Memory layout of objects and GC bits
An opaque tag is stored in the front of GC managed objects, and its lowest two bits are used for garbage collection. The lowest bit is set for marked objects and the second lowest bit stores age information (e.g. it's only set for old objects).
Objects are aligned by a multiple of 4 bytes to ensure this pointer tagging is legal.
Pool allocation
Sufficiently small objects (up to 2032 bytes) are allocated on per-thread object pools.
A three-level tree (analogous to a three-level page-table) is used to keep metadata (e.g. whether a page has been allocated, whether contains marked objects, number of free objects etc.) about address ranges spanning at least one page. Sweeping a pool allocated object consists of inserting it back into the free list maintained by its pool.
Malloc'd arrays and big objects
Two lists are used to keep track of the remaining allocated objects: one for sufficiently large malloc'd arrays (mallocarray_t
) and one for sufficiently large objects (bigval_t
).
Sweeping these objects consists of unlinking them from their list and calling free
on the corresponding address.
Generational and remembered sets
Field writes into old objects trigger a write barrier if the written field points to a young object and if a write barrier has not been triggered on the old object yet.
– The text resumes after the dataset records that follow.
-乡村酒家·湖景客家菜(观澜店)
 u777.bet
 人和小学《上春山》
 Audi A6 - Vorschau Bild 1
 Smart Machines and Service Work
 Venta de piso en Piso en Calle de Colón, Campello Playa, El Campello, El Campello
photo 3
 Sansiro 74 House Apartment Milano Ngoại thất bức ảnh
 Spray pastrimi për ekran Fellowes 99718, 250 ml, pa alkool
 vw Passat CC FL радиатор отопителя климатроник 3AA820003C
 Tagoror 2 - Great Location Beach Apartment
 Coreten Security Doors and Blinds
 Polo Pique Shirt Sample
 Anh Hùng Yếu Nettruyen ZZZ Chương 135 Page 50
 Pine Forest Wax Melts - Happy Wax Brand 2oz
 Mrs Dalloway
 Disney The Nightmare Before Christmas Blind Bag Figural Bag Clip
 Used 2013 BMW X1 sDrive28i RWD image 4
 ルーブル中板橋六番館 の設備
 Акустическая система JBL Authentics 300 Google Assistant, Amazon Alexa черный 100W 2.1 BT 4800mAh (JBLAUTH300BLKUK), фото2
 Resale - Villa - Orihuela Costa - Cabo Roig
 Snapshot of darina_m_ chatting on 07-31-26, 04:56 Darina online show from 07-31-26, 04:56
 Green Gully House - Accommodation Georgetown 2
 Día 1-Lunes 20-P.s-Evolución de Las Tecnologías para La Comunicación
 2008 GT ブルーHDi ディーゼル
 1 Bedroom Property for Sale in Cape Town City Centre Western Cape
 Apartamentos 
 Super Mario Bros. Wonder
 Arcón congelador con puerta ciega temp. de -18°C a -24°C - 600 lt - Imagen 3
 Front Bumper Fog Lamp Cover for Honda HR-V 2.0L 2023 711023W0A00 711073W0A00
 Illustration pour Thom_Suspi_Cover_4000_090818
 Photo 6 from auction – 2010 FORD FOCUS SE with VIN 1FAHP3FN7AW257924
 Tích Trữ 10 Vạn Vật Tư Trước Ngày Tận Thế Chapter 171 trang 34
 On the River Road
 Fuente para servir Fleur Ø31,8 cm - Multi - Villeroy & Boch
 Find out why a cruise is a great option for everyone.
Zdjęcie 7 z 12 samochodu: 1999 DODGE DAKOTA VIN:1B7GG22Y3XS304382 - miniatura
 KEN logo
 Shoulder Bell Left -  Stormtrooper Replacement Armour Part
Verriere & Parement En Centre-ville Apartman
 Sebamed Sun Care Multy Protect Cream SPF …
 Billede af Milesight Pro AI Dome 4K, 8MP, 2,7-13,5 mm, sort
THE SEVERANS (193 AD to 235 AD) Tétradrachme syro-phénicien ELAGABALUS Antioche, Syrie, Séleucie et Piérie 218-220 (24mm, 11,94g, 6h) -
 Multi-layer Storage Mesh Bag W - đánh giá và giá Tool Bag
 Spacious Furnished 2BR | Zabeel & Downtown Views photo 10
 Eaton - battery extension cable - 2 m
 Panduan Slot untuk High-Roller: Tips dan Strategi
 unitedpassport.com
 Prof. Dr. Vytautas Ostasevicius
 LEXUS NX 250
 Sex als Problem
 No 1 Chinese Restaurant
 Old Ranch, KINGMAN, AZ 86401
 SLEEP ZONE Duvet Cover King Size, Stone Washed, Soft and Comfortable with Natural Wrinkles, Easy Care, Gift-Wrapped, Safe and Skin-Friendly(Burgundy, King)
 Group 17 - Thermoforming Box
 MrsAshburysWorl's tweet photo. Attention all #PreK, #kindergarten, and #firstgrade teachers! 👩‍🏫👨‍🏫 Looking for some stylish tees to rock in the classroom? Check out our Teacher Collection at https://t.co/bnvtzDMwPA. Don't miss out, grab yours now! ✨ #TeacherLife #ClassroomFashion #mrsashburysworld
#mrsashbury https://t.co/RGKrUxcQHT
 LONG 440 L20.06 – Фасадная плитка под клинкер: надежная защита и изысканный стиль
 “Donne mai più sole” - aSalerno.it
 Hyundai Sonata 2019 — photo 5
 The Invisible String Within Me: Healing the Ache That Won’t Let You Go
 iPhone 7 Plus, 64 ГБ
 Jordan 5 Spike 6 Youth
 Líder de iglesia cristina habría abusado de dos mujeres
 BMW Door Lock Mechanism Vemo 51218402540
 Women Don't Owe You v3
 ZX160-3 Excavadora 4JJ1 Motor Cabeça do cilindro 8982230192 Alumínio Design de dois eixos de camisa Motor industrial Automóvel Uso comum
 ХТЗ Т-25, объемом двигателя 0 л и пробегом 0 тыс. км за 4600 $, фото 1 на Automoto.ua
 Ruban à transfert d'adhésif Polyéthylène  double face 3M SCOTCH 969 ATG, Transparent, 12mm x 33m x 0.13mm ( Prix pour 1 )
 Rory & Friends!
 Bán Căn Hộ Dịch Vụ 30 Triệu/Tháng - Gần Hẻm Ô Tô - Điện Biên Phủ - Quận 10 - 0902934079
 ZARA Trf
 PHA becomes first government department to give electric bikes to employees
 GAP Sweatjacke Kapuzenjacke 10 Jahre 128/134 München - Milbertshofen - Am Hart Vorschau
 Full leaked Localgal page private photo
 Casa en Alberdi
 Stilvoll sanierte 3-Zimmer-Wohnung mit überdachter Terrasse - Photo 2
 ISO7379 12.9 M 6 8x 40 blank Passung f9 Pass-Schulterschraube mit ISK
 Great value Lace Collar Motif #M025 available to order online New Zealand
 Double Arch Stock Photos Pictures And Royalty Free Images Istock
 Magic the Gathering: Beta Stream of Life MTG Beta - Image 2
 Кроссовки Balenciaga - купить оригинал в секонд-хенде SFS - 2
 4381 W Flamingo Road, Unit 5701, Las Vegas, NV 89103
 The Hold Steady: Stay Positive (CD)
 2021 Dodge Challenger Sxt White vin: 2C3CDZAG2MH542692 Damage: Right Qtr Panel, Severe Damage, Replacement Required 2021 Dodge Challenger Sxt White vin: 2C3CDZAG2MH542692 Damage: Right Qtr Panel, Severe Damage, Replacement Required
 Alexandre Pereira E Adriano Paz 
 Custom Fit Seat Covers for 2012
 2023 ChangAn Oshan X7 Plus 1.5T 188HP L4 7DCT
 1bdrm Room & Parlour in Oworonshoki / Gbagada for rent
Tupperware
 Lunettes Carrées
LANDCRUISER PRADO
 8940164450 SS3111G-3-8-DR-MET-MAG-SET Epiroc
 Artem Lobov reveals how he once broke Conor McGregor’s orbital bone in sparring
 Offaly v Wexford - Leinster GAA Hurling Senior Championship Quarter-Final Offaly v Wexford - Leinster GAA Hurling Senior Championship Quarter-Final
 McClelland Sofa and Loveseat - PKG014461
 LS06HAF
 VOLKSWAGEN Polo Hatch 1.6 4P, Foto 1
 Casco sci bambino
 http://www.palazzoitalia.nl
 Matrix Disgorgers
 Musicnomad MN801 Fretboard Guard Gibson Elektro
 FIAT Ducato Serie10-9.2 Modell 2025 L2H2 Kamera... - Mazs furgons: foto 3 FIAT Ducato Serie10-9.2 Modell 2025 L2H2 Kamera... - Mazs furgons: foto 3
In this case, the old object being written to is enqueued into a remembered set, and its mark bit is set to indicate that a write barrier has already been triggered on it.
There is no explicit flag to determine whether a marking pass will scan the entire heap or only through young objects and remembered set. The mark bits of the objects themselves are used to determine whether a full mark happens. The mark-sweep algorithm follows this sequence of steps:
- Objects in the remembered set have their GC mark bits reset
(these are set once write barrier is triggered, as described above) and are enqueued.
Roots (e.g. thread locals) are enqueued.
Object graph is traversed and mark bits are set.
Object pools, malloc'd arrays and big objects are sweeped. On a full sweep,
the mark bits of all marked objects are reset. On a generational sweep, only the mark bits of marked young objects are reset.
- Mark bits of objects in the remembered set are set,
so we don't trigger the write barrier on them again.
After these stages, old objects will be left with their mark bits set, so that references from them are not explored in a subsequent generational collection. This scheme eliminates the need of explicitly keeping a flag to indicate a full mark (though a flag to indicate a full sweep is necessary).
Heuristics
GC heuristics tune the GC by changing the size of the allocation interval between garbage collections. If a GC was unproductive, then we increase the size of the allocation interval to allow objects more time to die. If a GC returns a lot of space we can shrink the interval. The goal is to find a steady state where we are allocating just about the same amount as we are collecting.